**Your goal**. Write out the data below in full, unchanged, minus the images.

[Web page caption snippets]
● ● ● ● ● ● ●

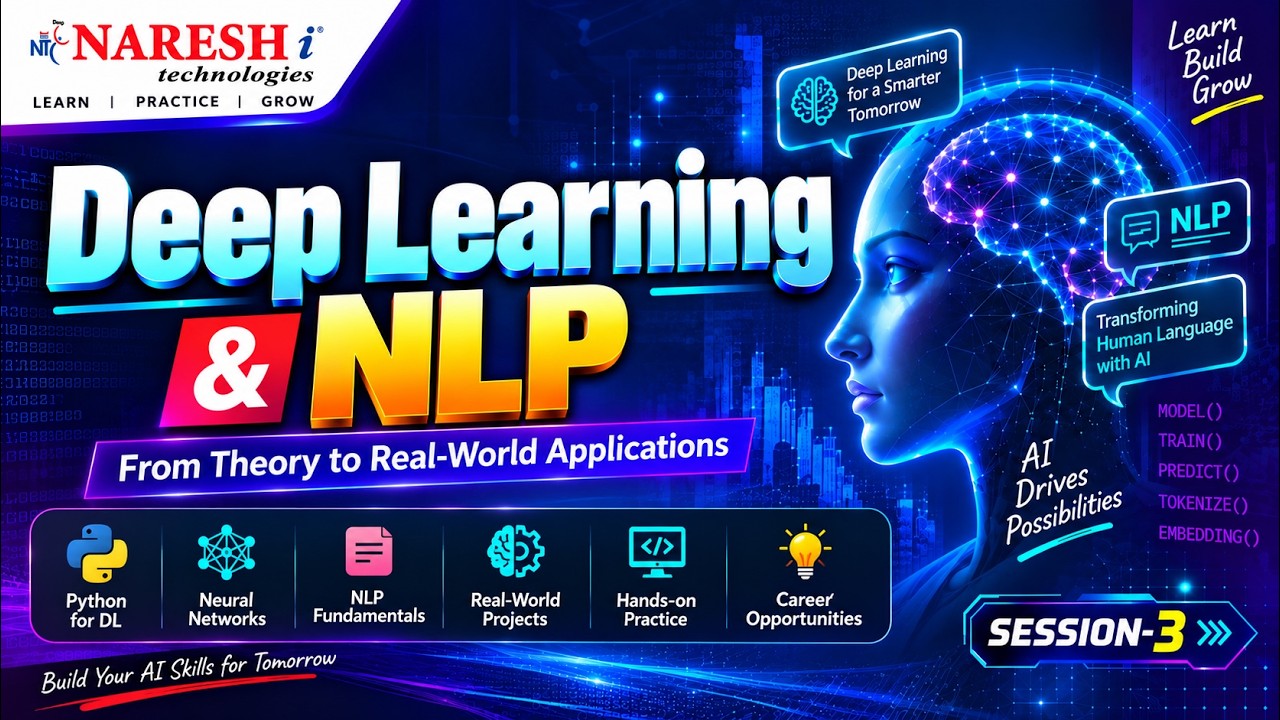 Deep Learning & NLP | Session-3 | Venkat | Naresh IT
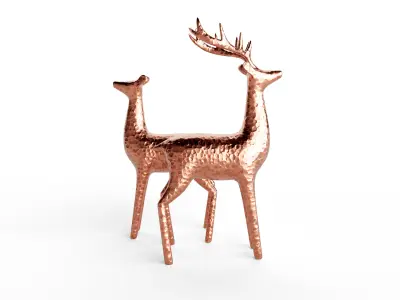Copper Reindeer Decoration 3D model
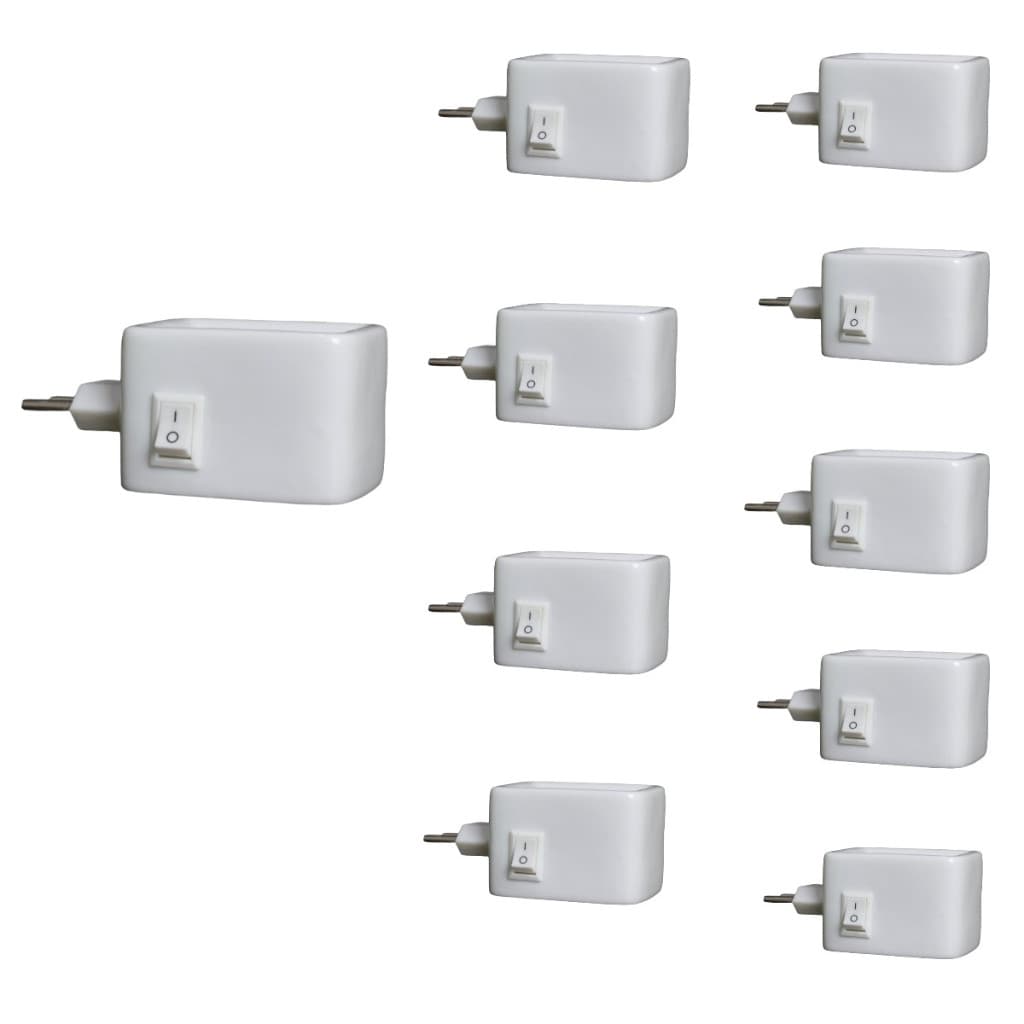 Kit Com 10 Difusor Elétrico De Ambiente Bivolt Em Porcelana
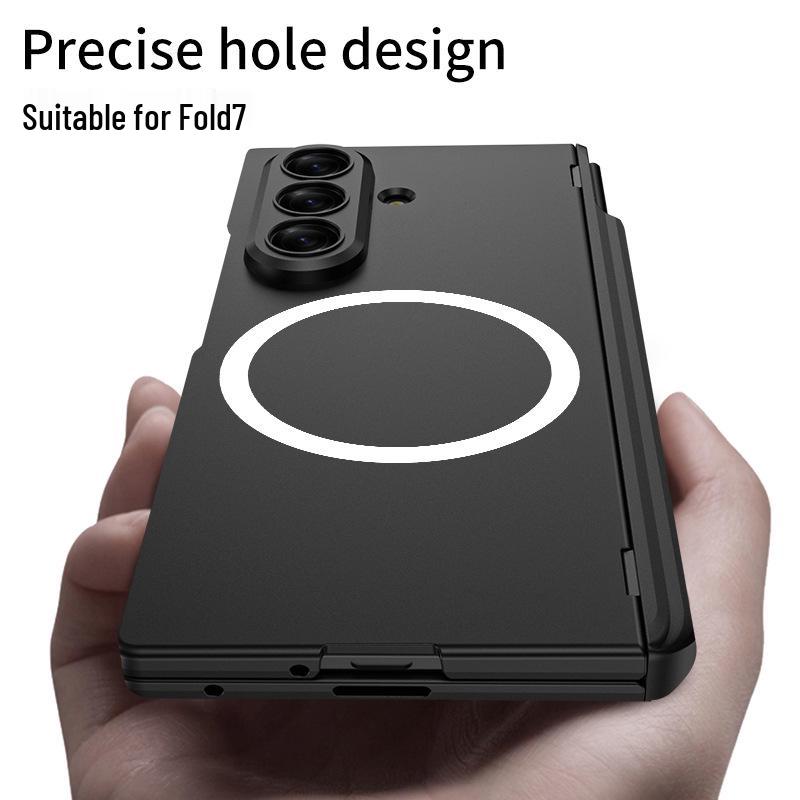 Беспроводной чехол-зарядка для Samsung Fold 7: Магнитный держатель для ручек, Креативная подставка, Защита по всей поверхности
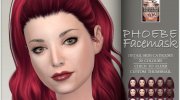 Phoebe facemask для Sims 4 миниатюра 1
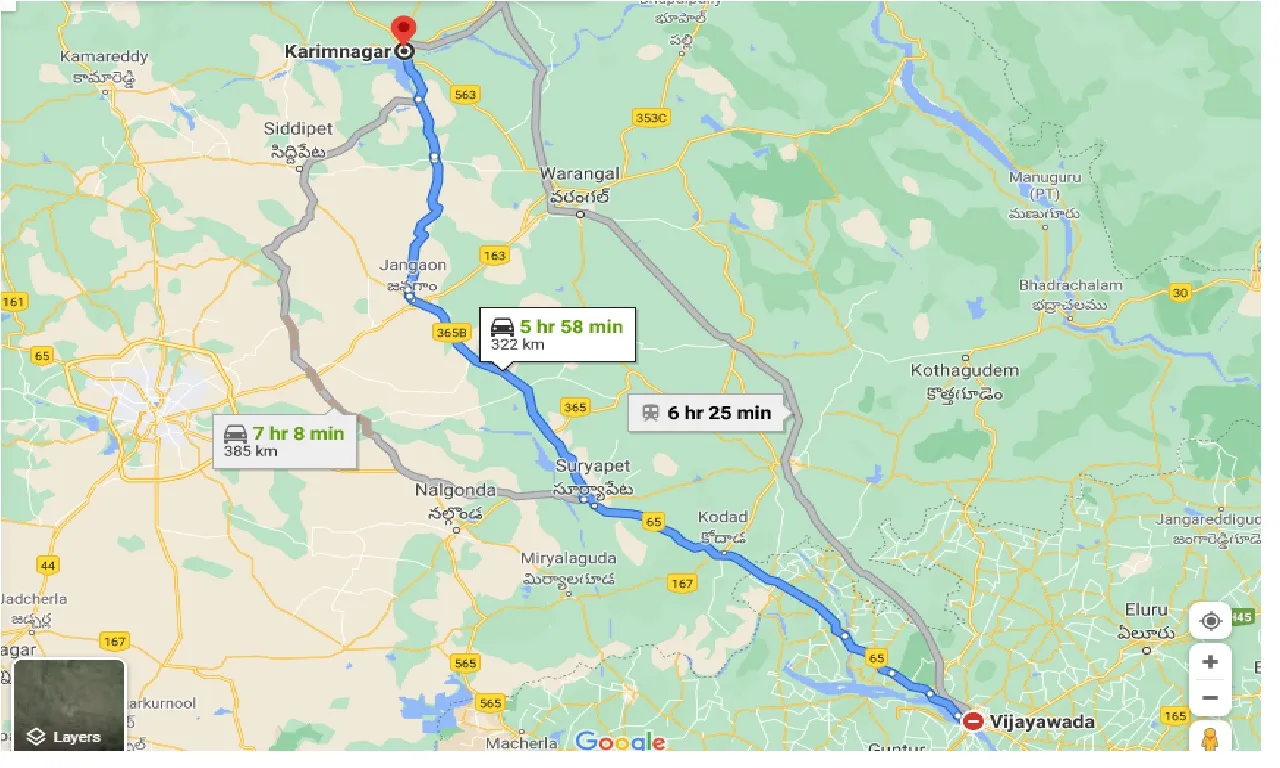 vijayawada-to-karimnagar-one-way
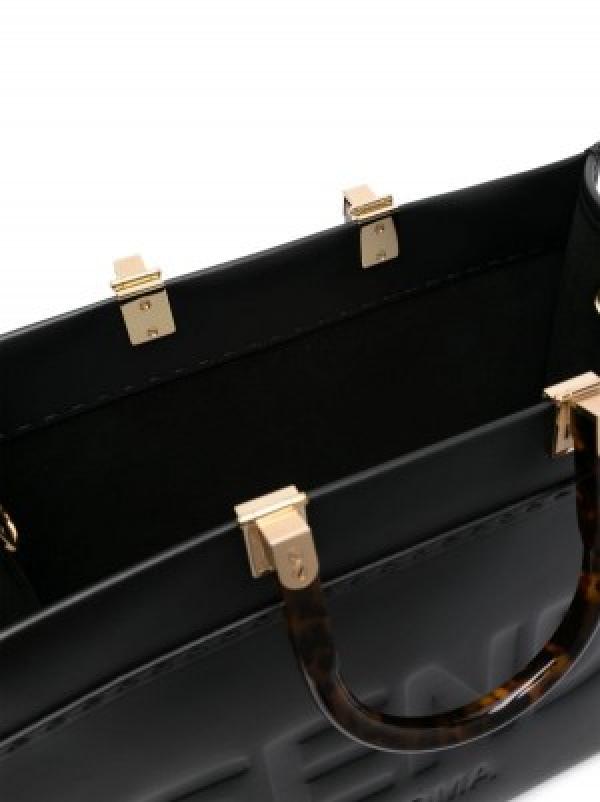 Fendii roma plain ladies trendy leather handbag big size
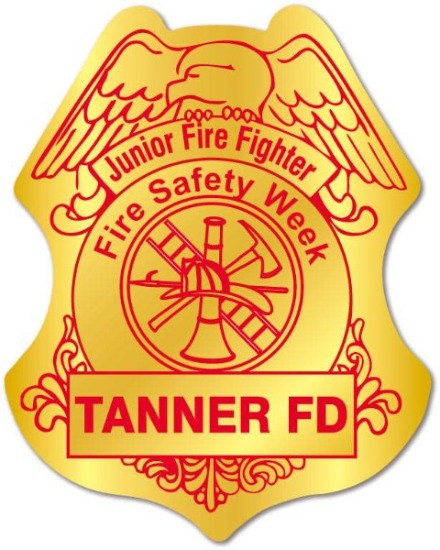 Jr. Fire Department - EMT Stickers (Item #401)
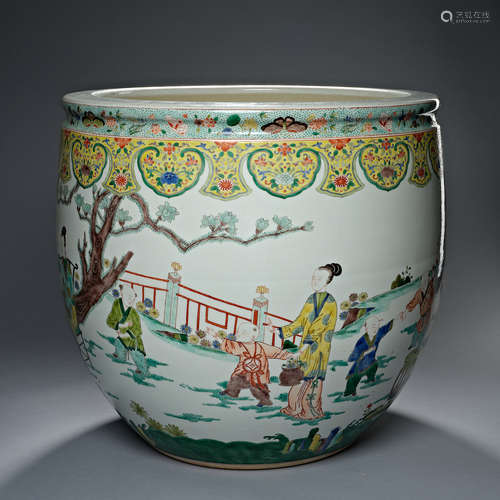 Qing Dynasty, Famille Rose, large picture cylinder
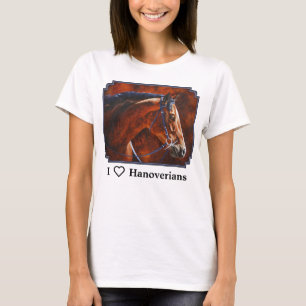 I Liebe Hanoverian Pferde T-Shirt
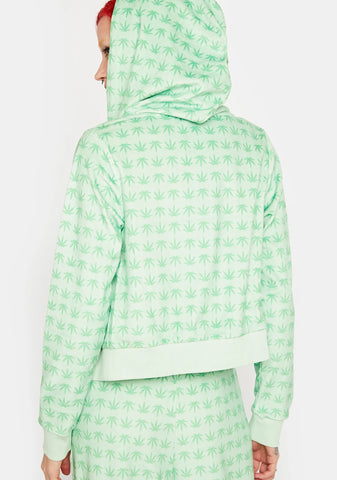 Velour Weed Hoodie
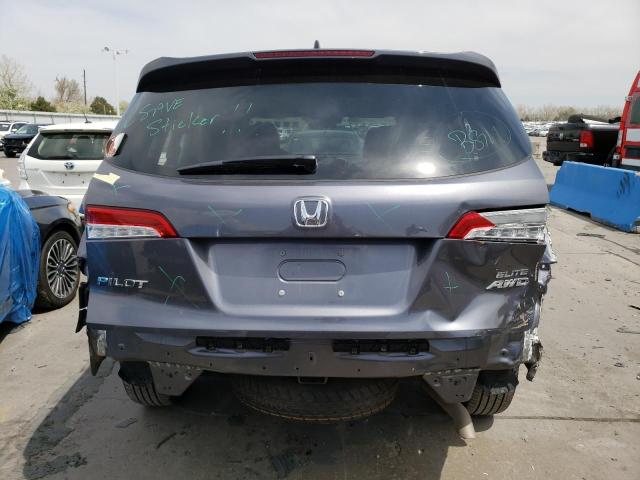 Photo 6 from auction – 2021 HONDA PILOT ELIT with VIN 5FNYF6H0XMB080634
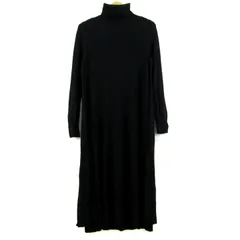 デミルクス ビームス ロングワンピース 長袖 ブランド トップス 黒 レディース Fサイズ ブラック BEAMS 【中古】のサムネイル
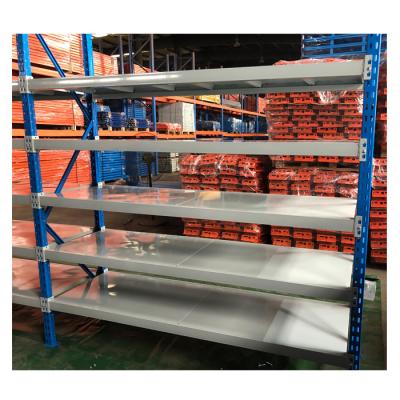 China Corrosion Protection Powder Coating Longspan Warehouse Racking Shelving Uprights for sale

● ● ● ● ● ● ●

**Response box**.
 Deep Learning & NLP | Session-3 | Venkat | Naresh IT
Copper Reindeer Decoration 3D model
 Kit Com 10 Difusor Elétrico De Ambiente Bivolt Em Porcelana
 Беспроводной чехол-зарядка для Samsung Fold 7: Магнитный держатель для ручек, Креативная подставка, Защита по всей поверхности
 Phoebe facemask для Sims 4 миниатюра 1
 vijayawada-to-karimnagar-one-way
 Fendii roma plain ladies trendy leather handbag big size
 Jr. Fire Department - EMT Stickers (Item #401)
 Qing Dynasty, Famille Rose, large picture cylinder
 I Liebe Hanoverian Pferde T-Shirt
 Velour Weed Hoodie
 Photo 6 from auction – 2021 HONDA PILOT ELIT with VIN 5FNYF6H0XMB080634
 デミルクス ビームス ロングワンピース 長袖 ブランド トップス 黒 レディース Fサイズ ブラック BEAMS 【中古】のサムネイル
 China Corrosion Protection Powder Coating Longspan Warehouse Racking Shelving Uprights for sale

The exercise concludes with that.